Fri Feb 13 09:13:29 EST 2004

Skip Montanaro wrote:
> Kenny> I wonder what would happen if you took an "incorrectness score"
> Kenny> that was the average of the distance from perfect
classification
> Kenny> over all messages, and stop if that average ever increases? 
> 
> I don't understand what you're suggesting.  What is "perfect
> classification over all messages"?

I was afraid that statement wouldn't be quite clear. <0.5 wink>

I was thinking of perfect classification of a spam being an exact 1.0
score, and perfect classification of a ham being an exact 0.0 score.  If
a ham scores as 0.01, then its distance from perfect is 0.01.  If a spam
scores as 0.99, then its distance from perfect is also 0.01.  The
"incorrectness score" I was considering would take the total of these
distances for all messages as you score them in a single round, and
divide by the total number of messages to get the average distance.

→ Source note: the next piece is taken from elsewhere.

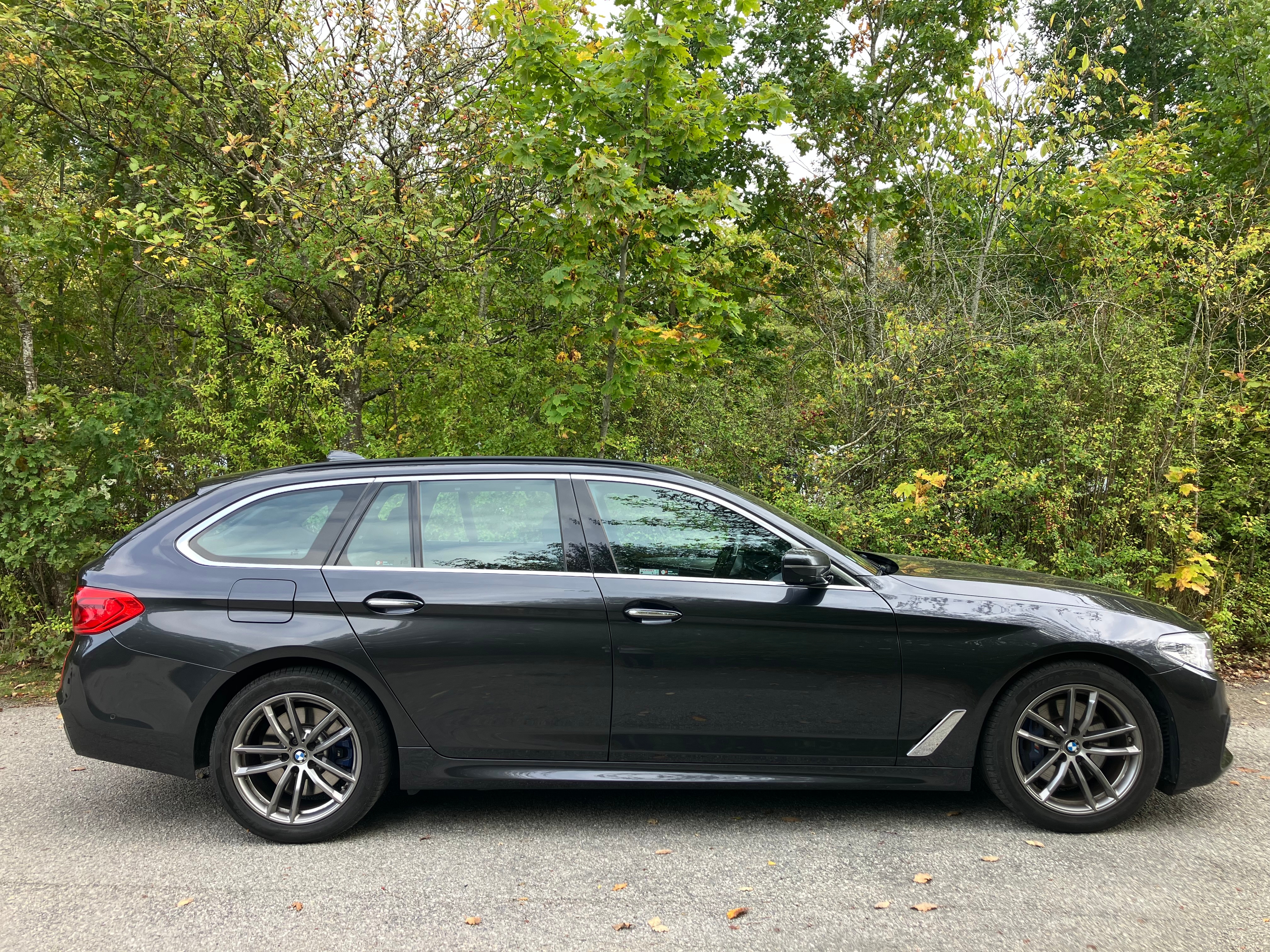BMW 530 d xDrive Touring Steptronic 2018, kuva 2/8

What I was wondering was whether or not going through a round where this
average distance was greater than or equal to the previous round would
be a good indicator that more iterations would not improve the overall
accuracy any further.  The intent is to have some kind of guard
condition to prevent the concern that Alex mentioned of getting caught
in an infinite iteration loop.

-- 
Kenny Pitt